WHAT YOU SHOULD DO: Look below for the line containing "Photo 25 of", then write out that line and every line after it to the end, exactly, minus the pictures.

INFORMATION PROVIDED:
=== Begin Enclosure ===

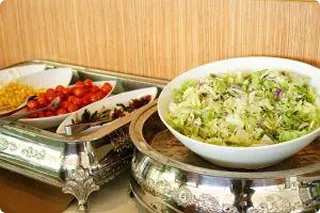 一日の始まりはフレッシュな野菜で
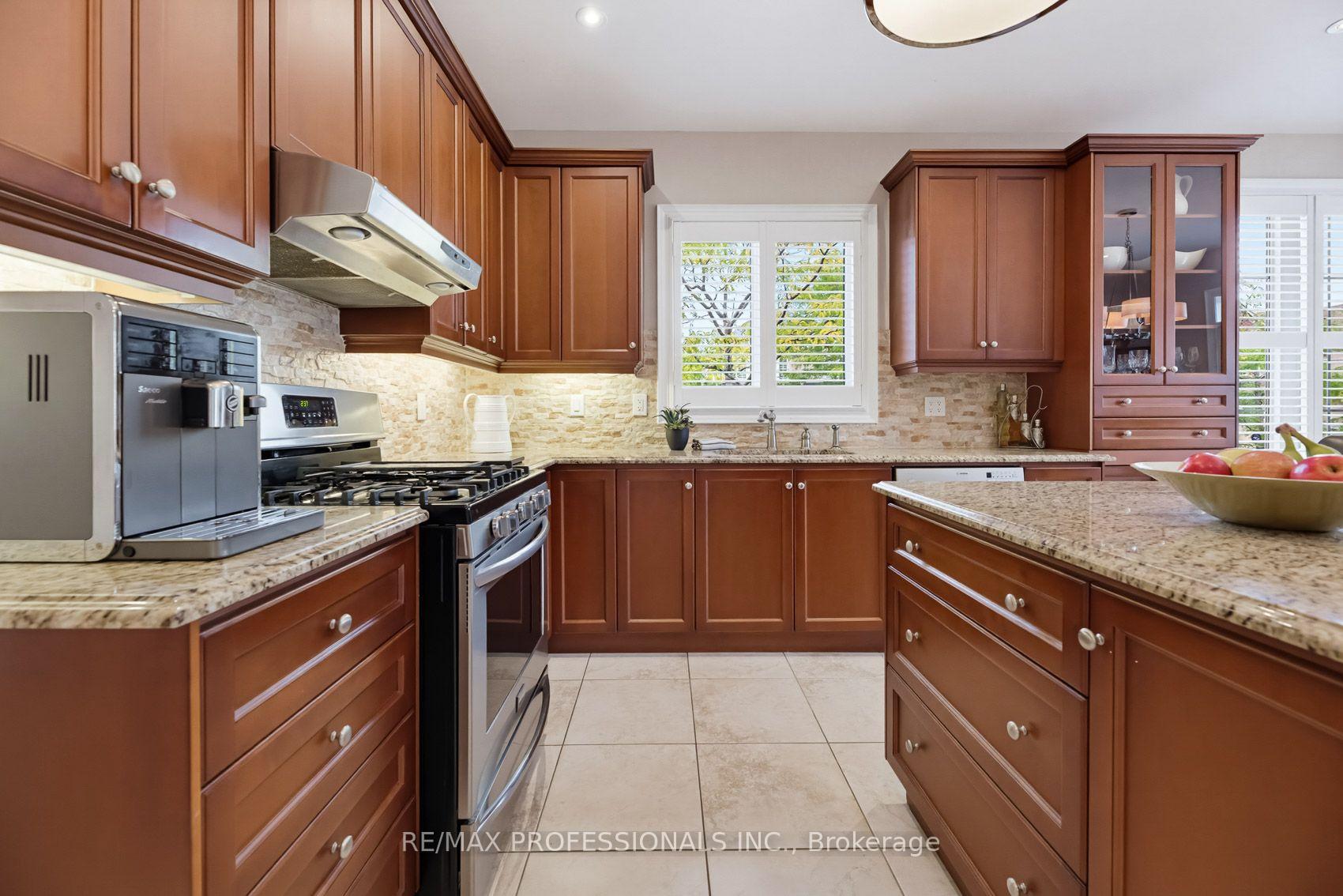 Photo 25 of 120 Insernia Crescent, Vaughan, Vellore Village — HOMEH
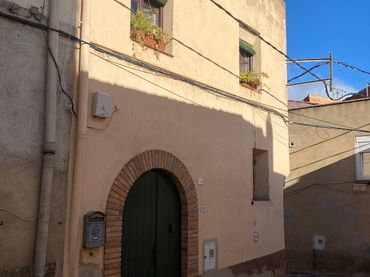 Landhaus mit Balkon zum Verkauf in Carrer del Dimarts 15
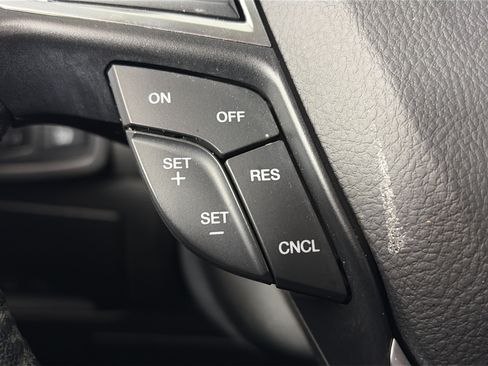 Used 2023 Ford Edge SEL w/ Sport Appearance Package AWD/4WD image 32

=== End Enclosure ===

RESPONSE BELOW:
 Photo 25 of 120 Insernia Crescent, Vaughan, Vellore Village — HOMEH
 Landhaus mit Balkon zum Verkauf in Carrer del Dimarts 15
 Used 2023 Ford Edge SEL w/ Sport Appearance Package AWD/4WD image 32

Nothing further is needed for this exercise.